Nevertheless, the USPS contends that some of these claims should be
dismissed because they were not timely filed in the district court. A complainant
must file a civil action within 90 days of receipt of a final decision. 29 C.F.R.
§ 1614.408(a). The claims asserted in Medina’s second individual administrative
- 14 -
complaint and Figueroa’s individual administrative complaints were dismissed by
the USPS in May 1997, and the Plaintiffs did not add these claims to the civil
action until the Fourth Amended Complaint in July 1998. Thus, argues the USPS,
these claims did not satisfy the 90-day deadline.
We agree with Plaintiffs that this argument has been waived. See 29 C.F.R.
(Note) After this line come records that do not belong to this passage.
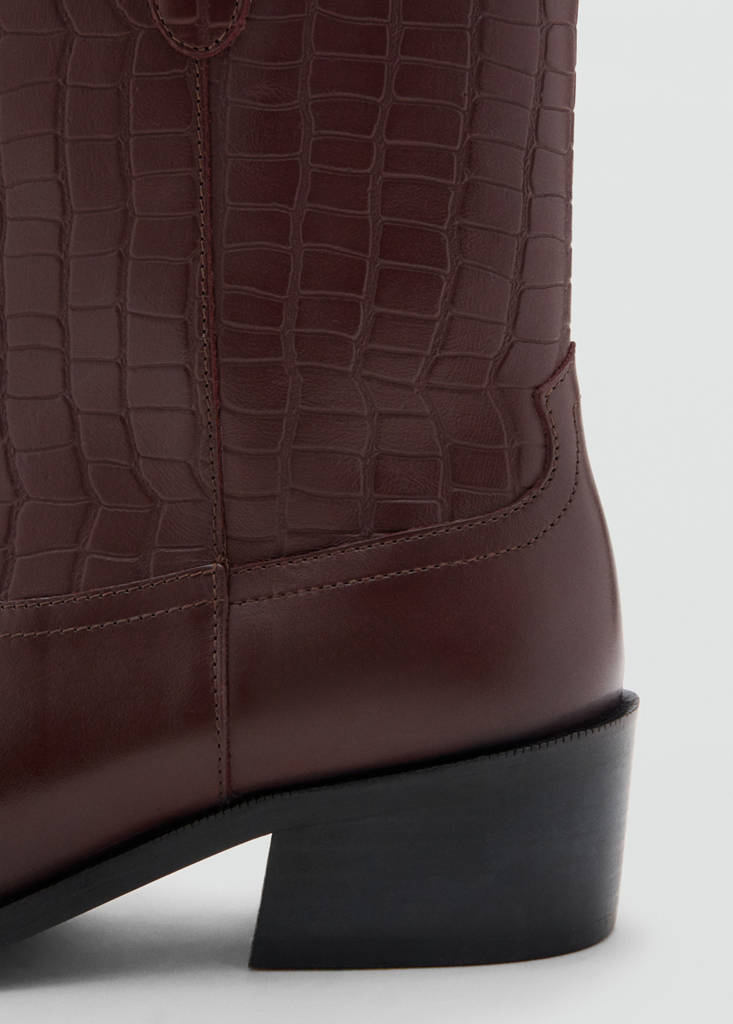 Leather heeled boots — Burgundy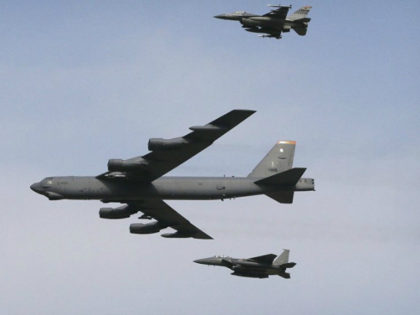 In this Jan. 10, 2016, file photo, a U.S. Air Force B-52 bomber flies over Osan Air Base in Pyeongtaek, South Korea. The Air Force says the venerable B-52 bomber, which gained lasting fame in Vietnam as an aerial terror, is now likely to outlive its younger, far snazzier brother …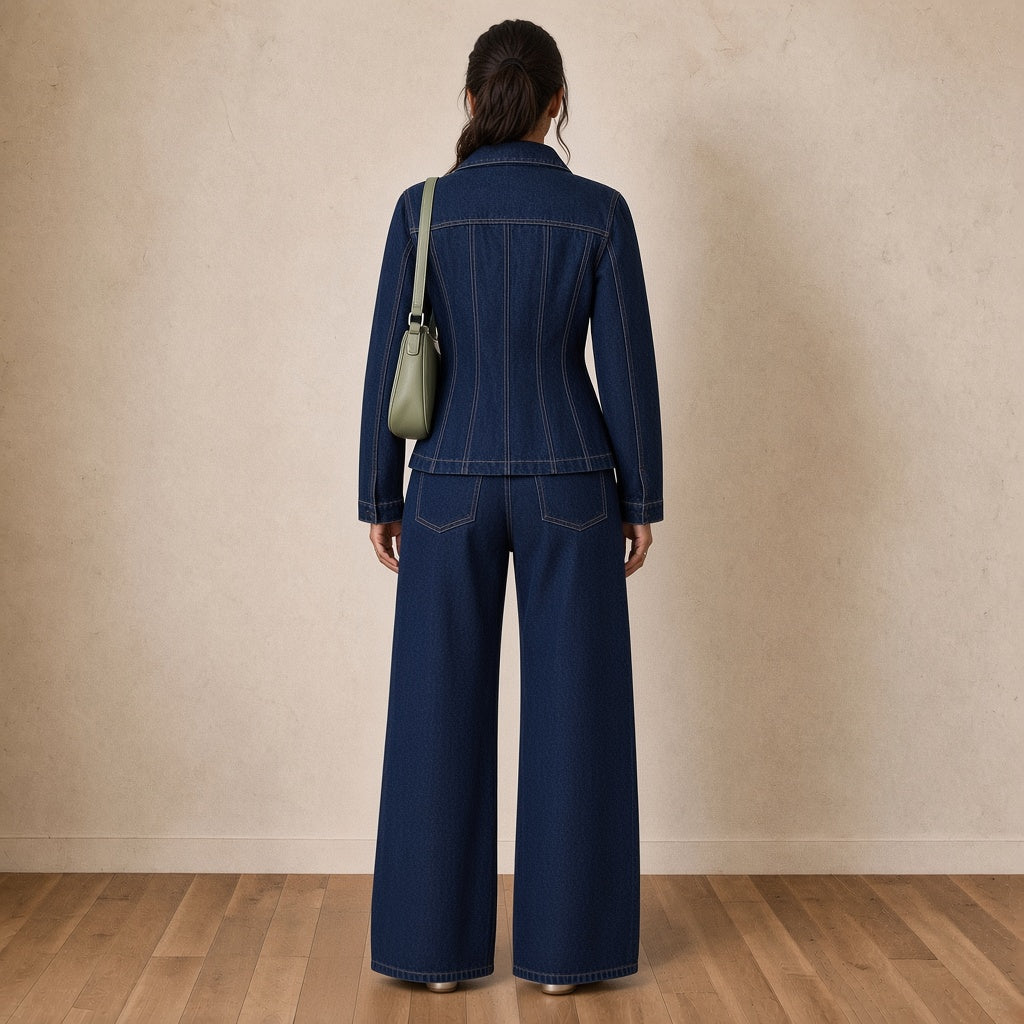 Ensemble en jean veste cintrée et jean large, vue de dos – SAKIWÉ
§ 1614.604(c) (providing that the “time limits in [part 1614] are subject to waiver,
estoppel and equitable tolling”); Harms v. Internal Revenue Serv., 321 F.3d 1001,
1006 (10th Cir. 2003) (“The requirement that a plaintiff file a timely civil action
after the disposition of an individual EEO complaint is not a jurisdictional
requirement, but rather is subject to waiver, estoppel, and equitable tolling.”).
Nowhere in the record below does the USPS raise the argument that these claims
are time-barred. In fact, the USPS dismissed the claims for the very reason that
the claims had been included in the original March 1997 complaint filed in the
district court. Now, on appeal, the USPS tries to argue for the first time that the
claims were not added until the Fourth Amended Complaint. Generally, a
“‘federal appellate court does not consider an issue not passed upon below,’” see
Walker v. Mather, 959 F.2d 894, 896 (10th Cir. 1992) (quoting Singleton v.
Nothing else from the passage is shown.